The last football world cup reinstated a huge chunk of England’s pride regarding this national sport, even though it was not “coming home” at the end of the day. Germans, on the other hand, suffered a lot during these exciting weeks, because football is the all-time favourite for them, and the centre of many a town or village community on top of that.
A part of this is due to the way sports is organized in Germany. A special type of organisation, a “Verein”, is the backbone of many local communities. These charitable associations deliver everything from education and physical empowerment to social interaction and support. A verein is by definition a non-profit club, not only for sports. Nearly 600,000 of them exist in Germany, 84,000 of them are members of the German Olympic Sports Association, the DOSB (Deutscher Olympischer Sportbund). Seven million people play football in these clubs, followed by the five million members of the “Deutscher Turner Bund”, the governing body of gymnastics. Tennis players and target shooters measure up to 1.3 million participants each.
The target shooters (“Schützenvereine”) are a good example for the influence of sports clubs in towns and villages: The traditional yearly fun fair in these villages is often organized either as “Kirchweih” (by the local church community) or as “Schützenfest” (by the local target shooter or hunting club). The latter is usually combined with a target shooting competition, followed by the crowning of the “Schützenkönig”, the King of Shooters. Germany has a lot of these longstanding traditions that seem normal while you are there, and slightly odd when looked at from afar. In this, like in many other ways, Germany is very similar to England.
Also not different from England, there is a huge gap between what people do themselves in their free time and the things they are interested in. The renowned Allensbacher Institut, a polling company that keeps statistics on German habits and preferences, found that football is indeed the sport most Germans are interested in – nearly 35 per cent of Germans watch it on TV, support a club or argue about it in their free time. Much less expected is the number 2 in this list: 13 per cent of Germans are fans of Ski Jumping (who would have thought), narrowly followed by Boxing.
Read more about the prestigious Ski-Jumping Competition which takes place annually in Southern Germany and Austria.
While not in the list of the top three, one iconic German sport has a steady space in the mind of Germans, with currently growing numbers, from nine per cent to 12 per cent in general interest. Like football was invented by the English, Handball is an original German discipline, and it features all the excitement of a football game for viewers and players.
2019 offers fans a European Championship, hosted by Germany and Denmark, putting high pressure on the German team that won its last World Cup in 2006 at home and lost the last European Championship with a defeat as devastating as the football national team in Russia. There is not much room for managed expectations when the ball starts to fly in Hamburg, Berlin, Cologne and Munich this January.
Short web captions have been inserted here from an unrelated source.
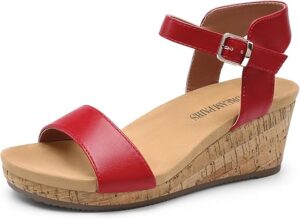 DREAM PAIRS Women's Open Toe Buckle Ankle Strap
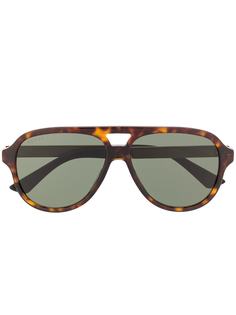 Gucci Eyewear солнцезащитные очки-авиаторы черепаховой расцветки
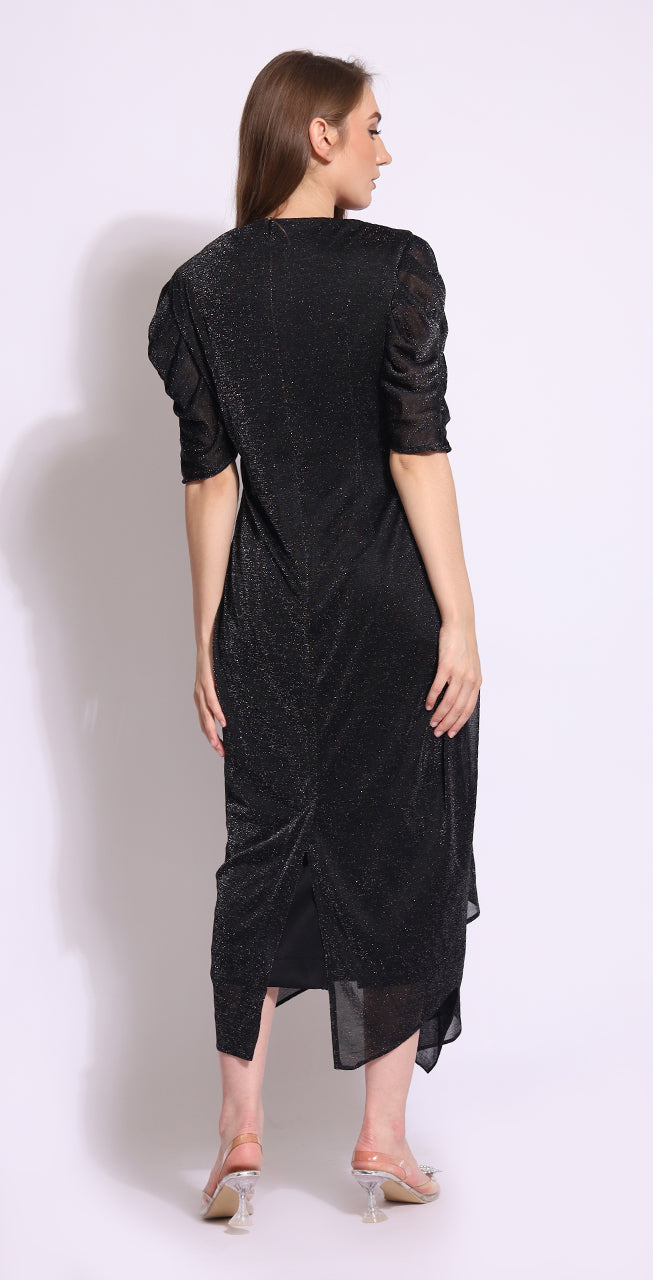 Bloom et Champs Dress Lengan Balon Glitter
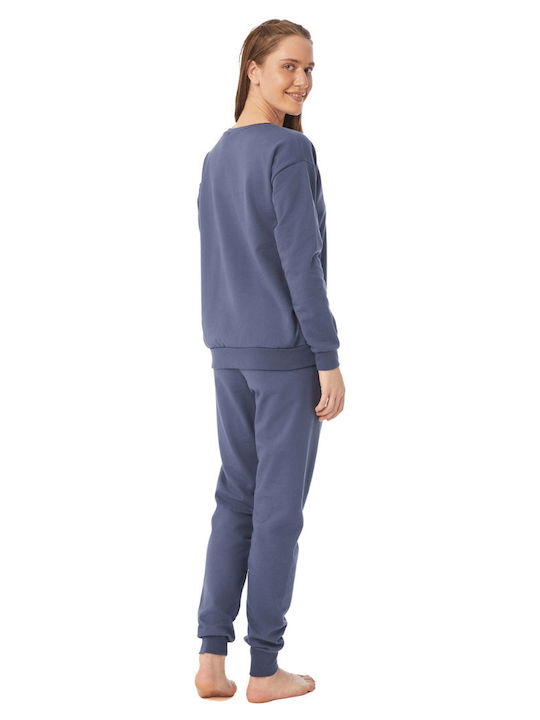 Minerva Winter Damen Pyjama-Set Blau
If you want to know more, try the website of the German Handball Association.
For Germans, sport is a well-organized and very traditional part of their everyday life, and this remains the same even in the modern of age of urban gyms and a growing fitness industry. Looking at the list of favourite sports, this is quite obvious: the first “modern” discipline on that list is Karate, with 160,000 participants number 20 on the list of popular sports.
German Karate, by the way, has made its way to Manchester. You can meet quite a few Germans at Manchester Karate, founded by a German immigrant in 2012.